Short descriptive text snippets
▶
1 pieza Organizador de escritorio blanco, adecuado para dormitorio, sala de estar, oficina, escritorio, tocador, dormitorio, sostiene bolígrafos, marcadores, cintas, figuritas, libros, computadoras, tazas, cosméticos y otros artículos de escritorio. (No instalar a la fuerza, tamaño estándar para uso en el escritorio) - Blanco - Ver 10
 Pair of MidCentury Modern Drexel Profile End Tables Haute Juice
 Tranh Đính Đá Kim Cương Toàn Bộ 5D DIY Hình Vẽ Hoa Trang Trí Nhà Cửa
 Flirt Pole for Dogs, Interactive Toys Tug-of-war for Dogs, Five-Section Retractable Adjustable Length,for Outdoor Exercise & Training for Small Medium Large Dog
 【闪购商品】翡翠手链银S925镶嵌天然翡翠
◀
→ **Directions for this task**
Repeat the lines from the first one in the records through the line containing "Tranh Đính Đá", exactly as written, and nothing else.

→ **Task result**
1 pieza Organizador de escritorio blanco, adecuado para dormitorio, sala de estar, oficina, escritorio, tocador, dormitorio, sostiene bolígrafos, marcadores, cintas, figuritas, libros, computadoras, tazas, cosméticos y otros artículos de escritorio. (No instalar a la fuerza, tamaño estándar para uso en el escritorio) - Blanco - Ver 10
 Pair of MidCentury Modern Drexel Profile End Tables Haute Juice
 Tranh Đính Đá Kim Cương Toàn Bộ 5D DIY Hình Vẽ Hoa Trang Trí Nhà Cửa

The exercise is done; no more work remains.